B/R Offers exciting outlook for Grizzlies 2024-25 championship aspirations
By Mark Nilon
The Memphis Grizzlies are heading into the 2024-25 season with redemption on their mind.
After rattling off two consecutive second-seed, 50-plus win seasons and seeing three-straight playoff excursions, coach Taylor Jenkins' ball club ran into an injury-plagued, suspension-riddled wall of a 2023-24 campaign that saw them end up with the seventh-worst record in the league.
With this 82-game nightmare well in the rearview, the main mission for Memphis moving forward is all about reestablishing themselves as a legitimate threat in the highly competitive Western Conference.
Based on recent rumblings and chatter among fans and pundits alike, it appears hope of the Grizzlies being thrust back into the upper echelon of the league's elites is very much alive, and, in a recent piece penned by Bleacher Report's Zach Buckley, merely claiming a top-eight spot and re-entering the playoff picture is just the start for this ball club.
Grizzlies have third-best odds of winning Finals among zero-title teams
As things currently stand, only 10 teams in the league have yet to win an NBA Championship.
Of course, there's a clear hierarchy among these historically hapless organizations when it comes to their chances of winning the illustrious Larry O'Brien Trophy at some point in the near future, with Buckley highlighting that they "can be found at all levels of the Association."

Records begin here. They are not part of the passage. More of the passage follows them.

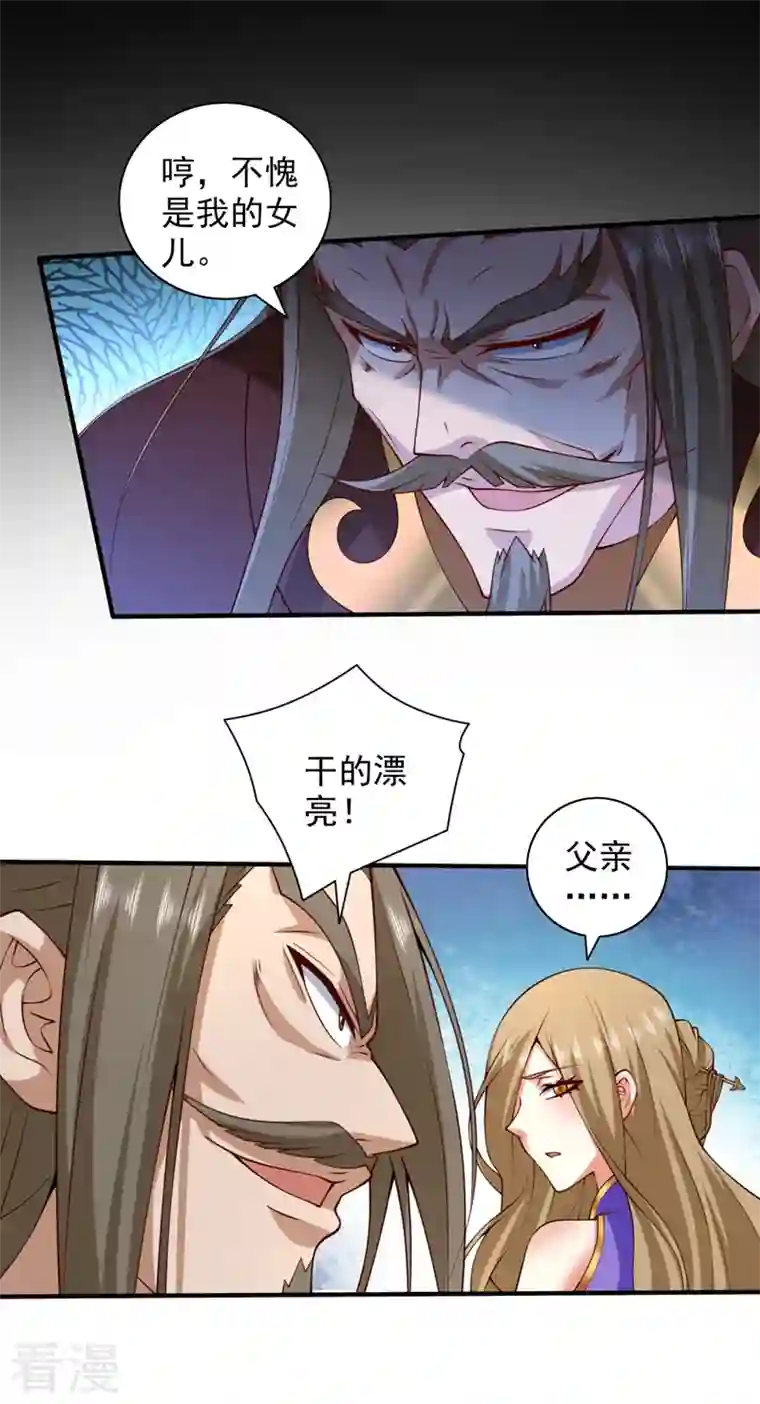 被美女师傅调教成圣的99种方法第147话 万重峰挑战，开始！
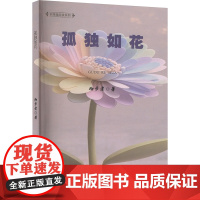 正版 孤独如花 江西高校出版社 砌步者 著 现代/当代文学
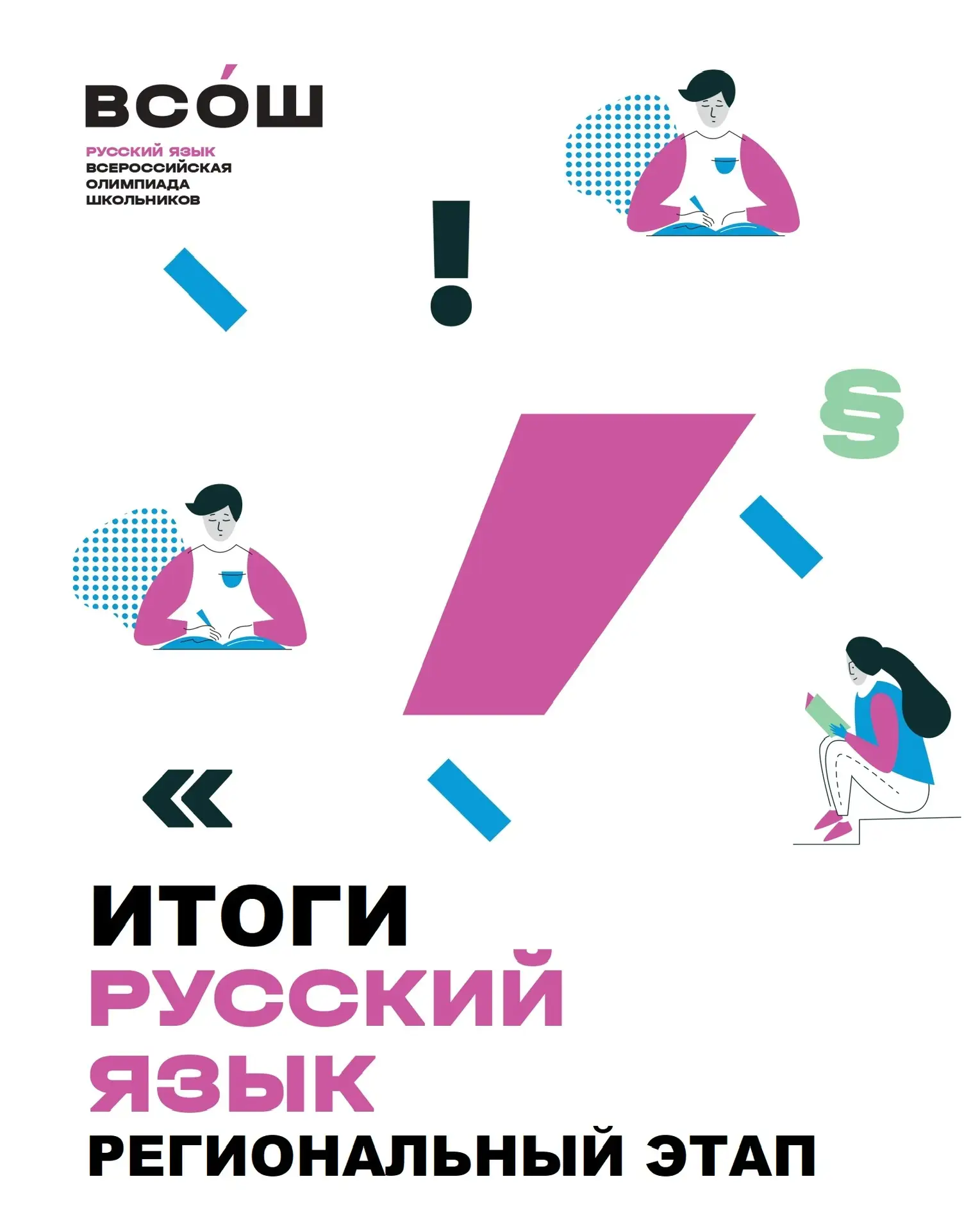 💯 Отличные результаты на региональном этапе ВсОШ по русскому языку! 📚   Поздравляем наших талантливы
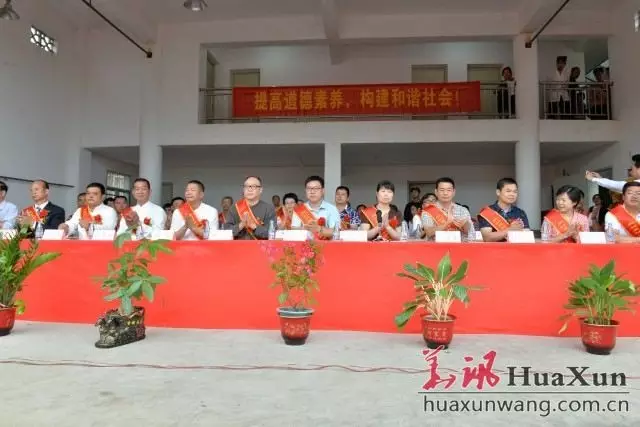 吴济川真人羽化650周年庆典在福建德化县举行-道音文化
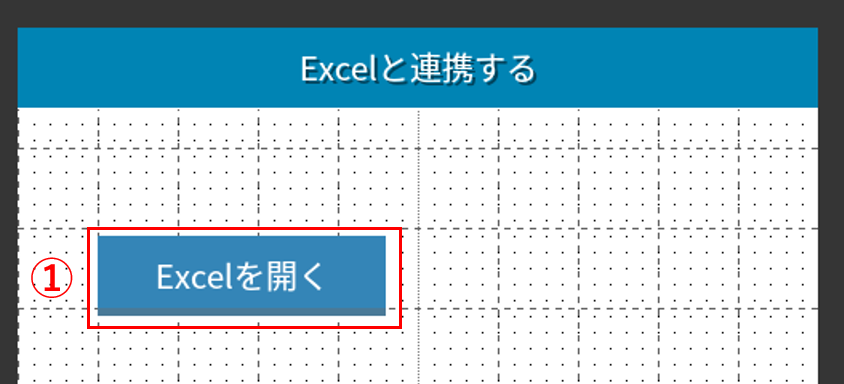 excel_meclip01.png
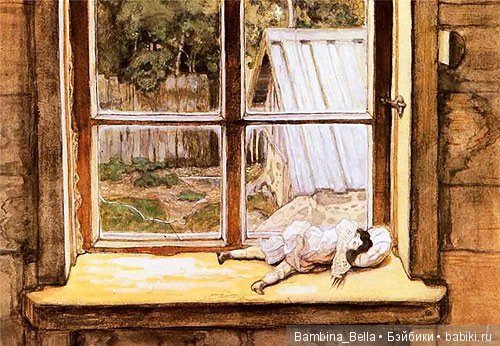 Игрушки народов Европы XIX-XX век (часть 2)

The Grizzlies, as most are likely already aware, are unfortunately a part of this winless index, though the odds of them pushing over the proverbial hump toward glory is better than the vast majority of the nine others involved, and the seasoned B/R writer has them boasting the third-highest level of potential to do so over the coming years.
To Buckley, their standing on this list feels "either a pinch ambitious or perhaps an undersell." With the bitter taste of their 27-win season still fresh in everyone's mouth, pegging them as a legitimate championship threat with one year of separation may seem a bit too overzealous.

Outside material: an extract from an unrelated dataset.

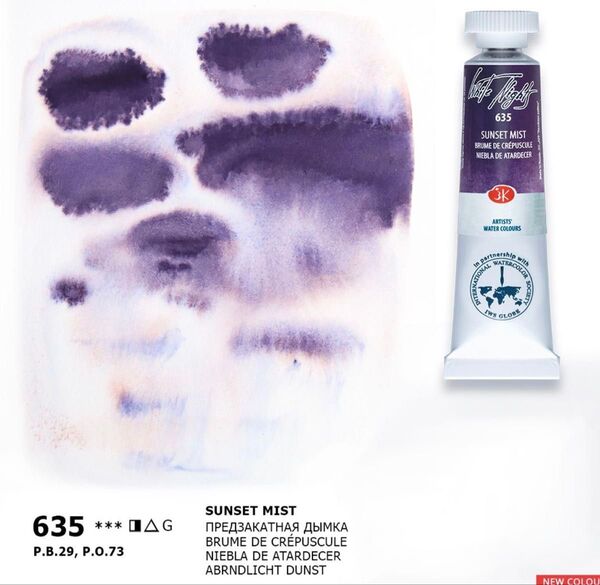 WhiteNights 分離色 サンセットミスト 10ml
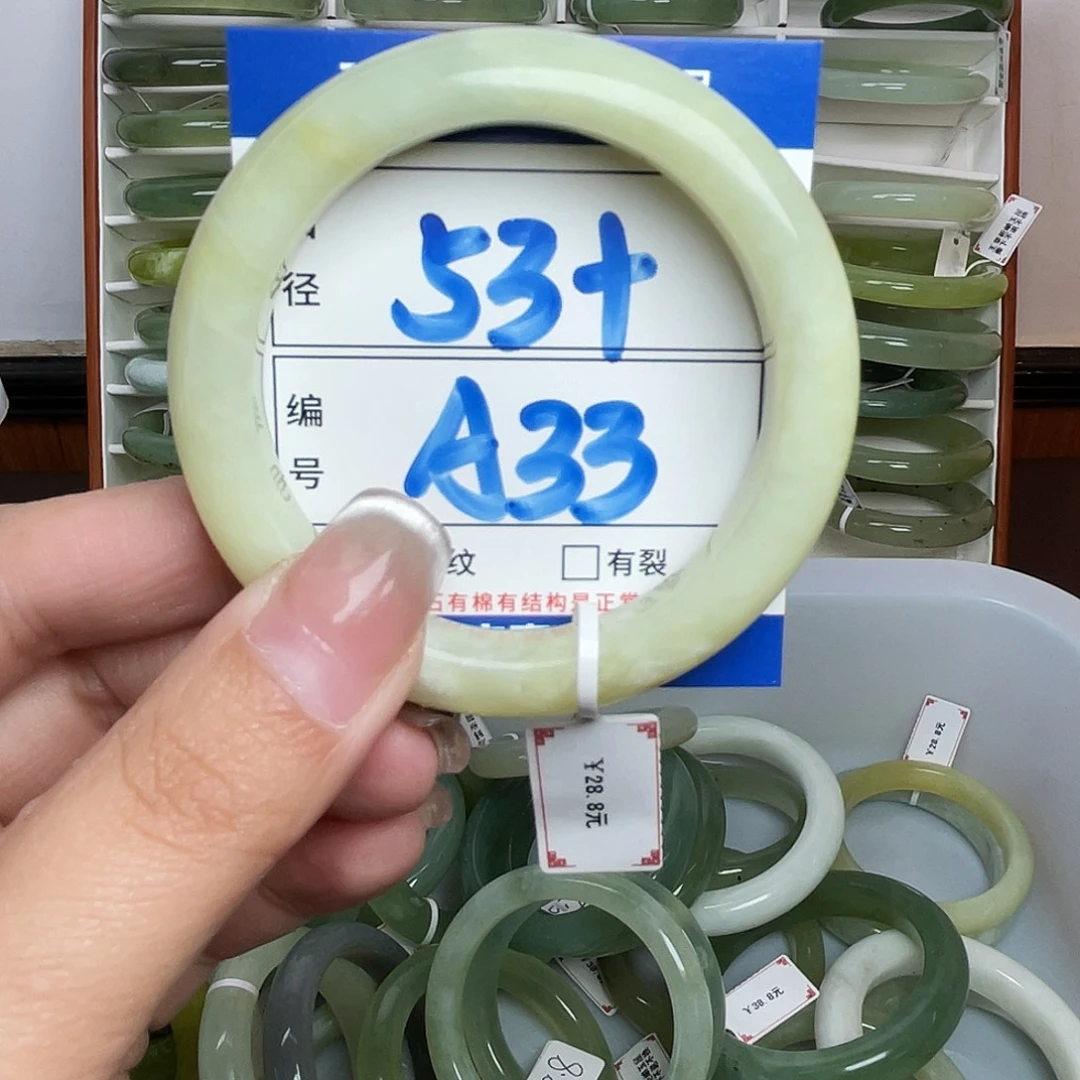 岫玉未镶嵌手镯手镯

That said, what must be remembered is the fact that their stark decline was primarily a result of lacking health, or, in other words, things out of their control.
Assuming they can stave off the injury bug and, in turn, get their core trio of Ja Morant, Jaren Jackson Jr., and Desmond Bane back together, it's all but certain that blindingly bright days will be ahead.

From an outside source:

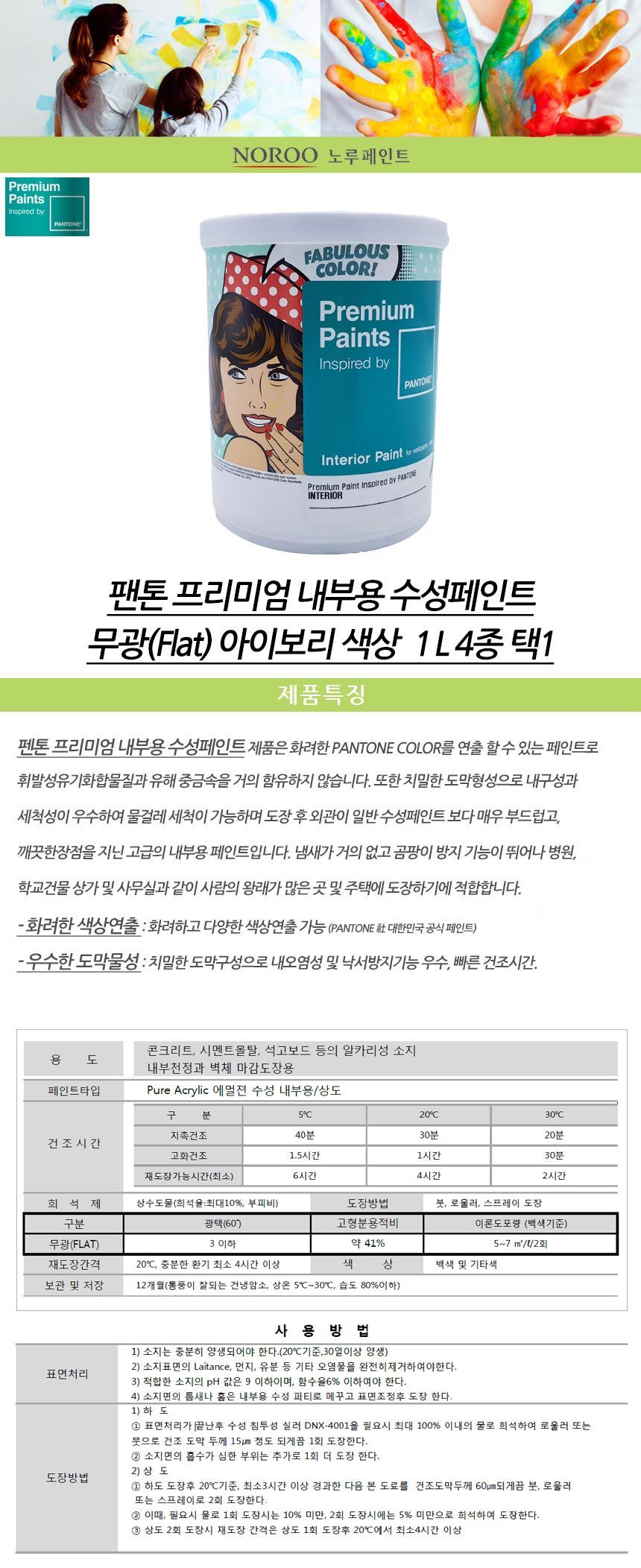 상품 상세 이미지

Let's not forget that they were the driving forces in accumulating a whopping 107 regular season wins from 2021-22 to 2022-23, clinching just the fourth semifinals berth in franchise history, and, as noted by Buckley, "had a comically high plus-12.7 net rating over 444 minutes in 2022-23."
On top of this, these three are finally slated to get a full year's run alongside the likes of ascending sophomore stud GG Jackson, behemoth lottery-selected center Zach Edey, and the win-now attributes that Marcus Smart has only proven capable of providing to a contender.
Though having the Grizzlies ranked third on Buckley's list could be argued as being "ambitious," who, when fully intact and healthy, would realistically usurp them?
The Orlando Magic (No. 4), who have made the playoffs just once since the 2020 Lake Buena Vista bubble and haven't advanced beyond the first round since 2010? The LA Clippers (No.7), who, yes still have Kawhi Leonard and James Harden in tow, but boasts a core that is always injured, on the wrong side of 30 years old, and just lost their second-best player in Paul George this summer?
Outside of the top-ranked Minnesota Timberwolves, there's an argument to be made that a full-go Grizzlies team is without question has the best chance of adding their first championship banner to the rafters than any other title-less organizations -- and yes, this includes the talented, albeit oddly constructed Phoenix Suns who rank second.
Hopefully, the team will bounce back in a big way this coming year and remind the rest of the league that before the OKC Thunder took over the moniker of the most promising young team in the NBA, the Grizzlies were the ones seen in such a light.